**WHAT IS NEEDED**
Pictures are to be left out, and every entry repeated exactly.

**RECORDED INFORMATION**
————

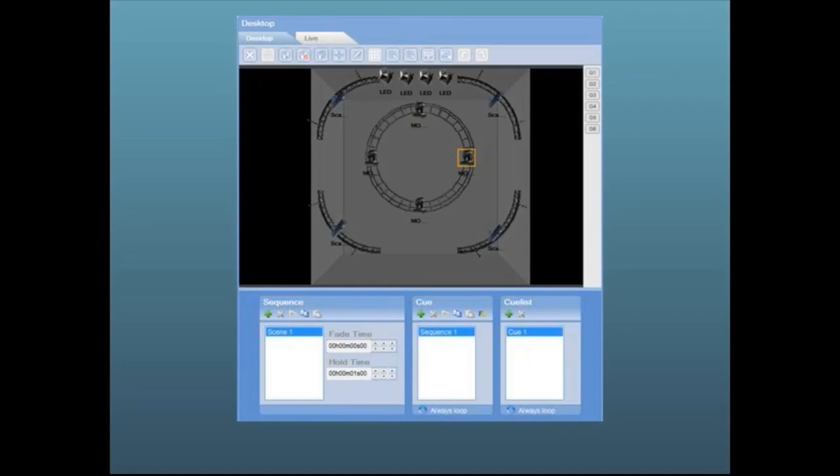The Sequence, Queue and Queuelist windows. Programming is done in the desktop window using the Sequence, Queue and Queuelist windows.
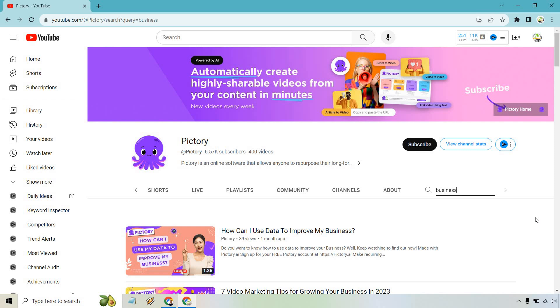And of course, it kind of just spider webs from there. So if you see something about improving my business, you type in business there. Now you're getting even more strategies for growing your business or your YouTube business, whatever it's going to be.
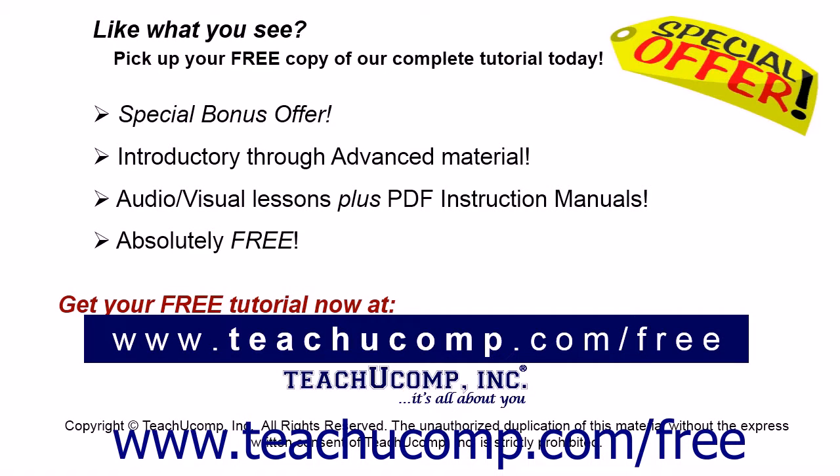Like what you see? Pick up your free copy of the complete tutorial at www.teachucomp.com/free.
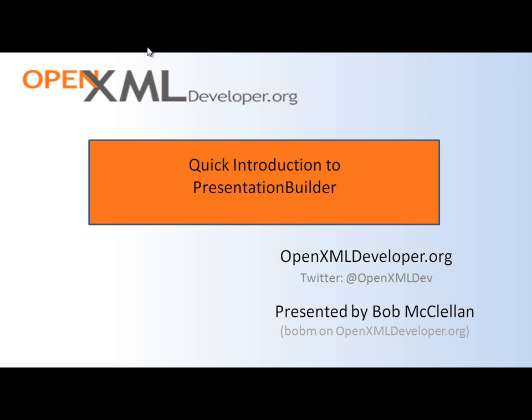Hello, this is Bob McClellan. In this screencast, I will show how to use PresentationBuilder to create a new presentation document from slides in one or more existing presentation documents. In particular, I will demonstrate three common business needs that can be solved with PresentationBuilder.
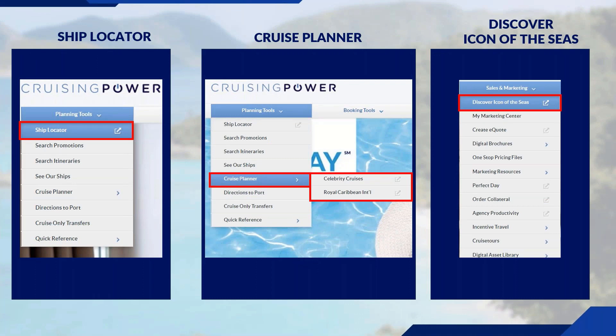Once you've logged into Cruising Power, you'll see Ship Locator under the Planning Tools section. Ship Locator allows you to quickly locate where your Royal Caribbean International and Celebrity Cruises ships are deployed across the globe. You'll also be able to keep up with all the latest deployment information by ship, region, and individual ports of call, as well as view and download the most current announcements. Cruise Planner, also under Planning Tools, allows you to see cruise announcement options and prices for your clients to book, such as beverage packages and shore excursions.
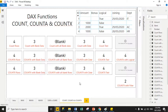Today we will discuss the DAX functions COUNT, COUNTA, and COUNTX. The COUNT function is used to count the number of rows in a column that contains non-blank values. Always remember: if your data type is integer, COUNT skips blank values, but if your data type is text, COUNT does not skip blank values.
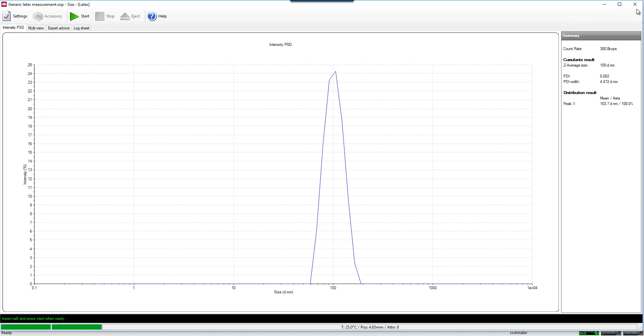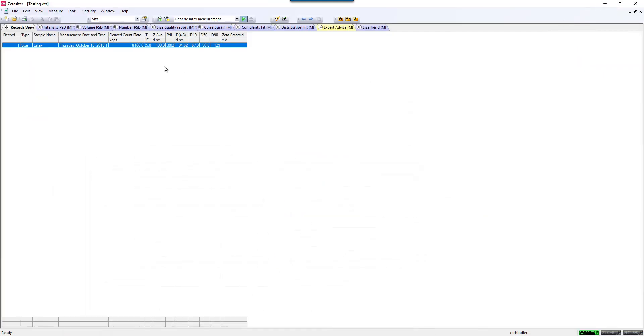Once the measurement is finished, you will now notice that you have a record in your record view. And you can display your sizing result.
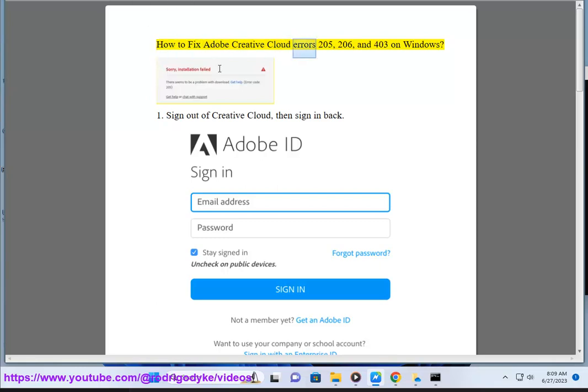How to fix Adobe Creative Cloud errors 205, 206, and 403 on Windows.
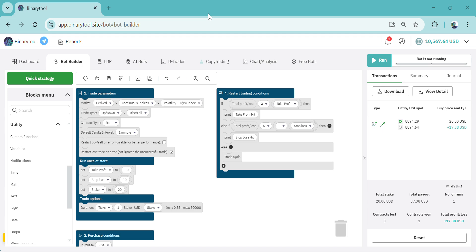In the previous video we looked at how you can add take profit and stop loss. Now in this video I'm going to show how we can set up martingale on our bot. For creating a martingale we need to add these two blocks.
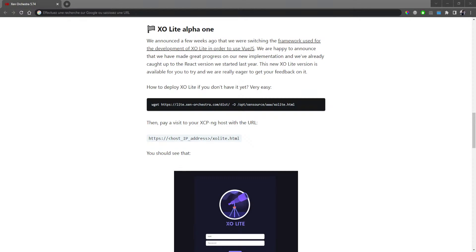We now have Alpha 1. We already started some work last year, started officially with React, but then decided to switch to Vue.js. The Vue version is now on par and even a bit better than the previous React version. It's still a very early Alpha — it's not meant for taking actions on your VMs — but you can open a console, see the VMs, and there's a tree view on the left. If you already deployed the previous React version, you just need to force refresh with Ctrl+F5 or Ctrl+R. If you haven't deployed it yet, it's a simple wget command entered on your host, then go to the IP address of your host slash exalite.html.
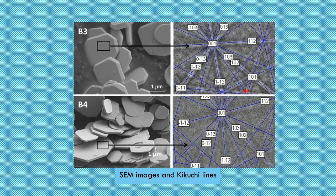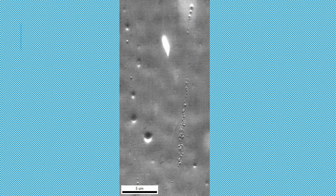In this slide you can see the SEM image of the particles and the Kikuchi lines created by the particles. In order to create Kikuchi lines and perform EBSD analysis, the sample must be polished.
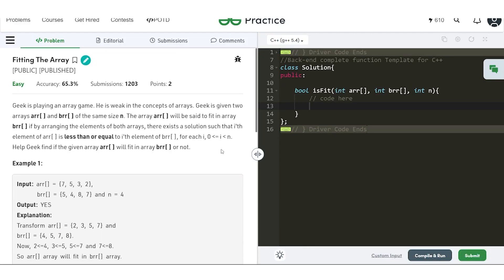In this video we will discuss the problem 'Fitting the Array'. The problem says that Geek is playing an array game and he is weak in the concept of arrays. Geek is given two arrays ARR and BRR, both of the same size N, containing N integers each. The array ARR will be said to fit in BRR if by arranging the elements of both arrays, there exists a solution such that the ith element of the first array is less than or equal to the ith element of the second array for all indexes.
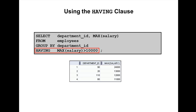In this example, I want to find the departments whose maximum salary is greater than 10,000. The group function being used here is the MAX function, and we are checking the condition using the HAVING clause — HAVING MAX(salary) greater than 10,000 — restricting groups using the HAVING clause.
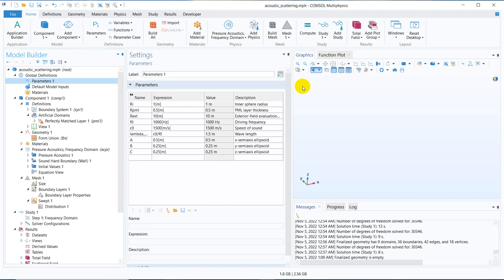Hello friends, welcome to Pioneer of Success. We are adding another video in the Acoustic series. In this video, we are going to talk about Acoustic Scattering. This is a very fundamental topic of Acoustic Simulation, and hence this video will be helpful if you are working with Acoustics for your research problem.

————

**THE COMPLETED TASK**
The Sequence, Queue and Queuelist windows. Programming is done in the desktop window using the Sequence, Queue and Queuelist windows.
And of course, it kind of just spider webs from there. So if you see something about improving my business, you type in business there. Now you're getting even more strategies for growing your business or your YouTube business, whatever it's going to be.
Like what you see? Pick up your free copy of the complete tutorial at www.teachucomp.com/free.
Hello, this is Bob McClellan. In this screencast, I will show how to use PresentationBuilder to create a new presentation document from slides in one or more existing presentation documents. In particular, I will demonstrate three common business needs that can be solved with PresentationBuilder.
Once you've logged into Cruising Power, you'll see Ship Locator under the Planning Tools section. Ship Locator allows you to quickly locate where your Royal Caribbean International and Celebrity Cruises ships are deployed across the globe. You'll also be able to keep up with all the latest deployment information by ship, region, and individual ports of call, as well as view and download the most current announcements. Cruise Planner, also under Planning Tools, allows you to see cruise announcement options and prices for your clients to book, such as beverage packages and shore excursions.
Today we will discuss the DAX functions COUNT, COUNTA, and COUNTX. The COUNT function is used to count the number of rows in a column that contains non-blank values. Always remember: if your data type is integer, COUNT skips blank values, but if your data type is text, COUNT does not skip blank values.
Once the measurement is finished, you will now notice that you have a record in your record view. And you can display your sizing result.
How to fix Adobe Creative Cloud errors 205, 206, and 403 on Windows.
In the previous video we looked at how you can add take profit and stop loss. Now in this video I'm going to show how we can set up martingale on our bot. For creating a martingale we need to add these two blocks.
We now have Alpha 1. We already started some work last year, started officially with React, but then decided to switch to Vue.js. The Vue version is now on par and even a bit better than the previous React version. It's still a very early Alpha — it's not meant for taking actions on your VMs — but you can open a console, see the VMs, and there's a tree view on the left. If you already deployed the previous React version, you just need to force refresh with Ctrl+F5 or Ctrl+R. If you haven't deployed it yet, it's a simple wget command entered on your host, then go to the IP address of your host slash exalite.html.
In this slide you can see the SEM image of the particles and the Kikuchi lines created by the particles. In order to create Kikuchi lines and perform EBSD analysis, the sample must be polished.
In this video we will discuss the problem 'Fitting the Array'. The problem says that Geek is playing an array game and he is weak in the concept of arrays. Geek is given two arrays ARR and BRR, both of the same size N, containing N integers each. The array ARR will be said to fit in BRR if by arranging the elements of both arrays, there exists a solution such that the ith element of the first array is less than or equal to the ith element of the second array for all indexes.
In this example, I want to find the departments whose maximum salary is greater than 10,000. The group function being used here is the MAX function, and we are checking the condition using the HAVING clause — HAVING MAX(salary) greater than 10,000 — restricting groups using the HAVING clause.
Hello friends, welcome to Pioneer of Success. We are adding another video in the Acoustic series. In this video, we are going to talk about Acoustic Scattering. This is a very fundamental topic of Acoustic Simulation, and hence this video will be helpful if you are working with Acoustics for your research problem.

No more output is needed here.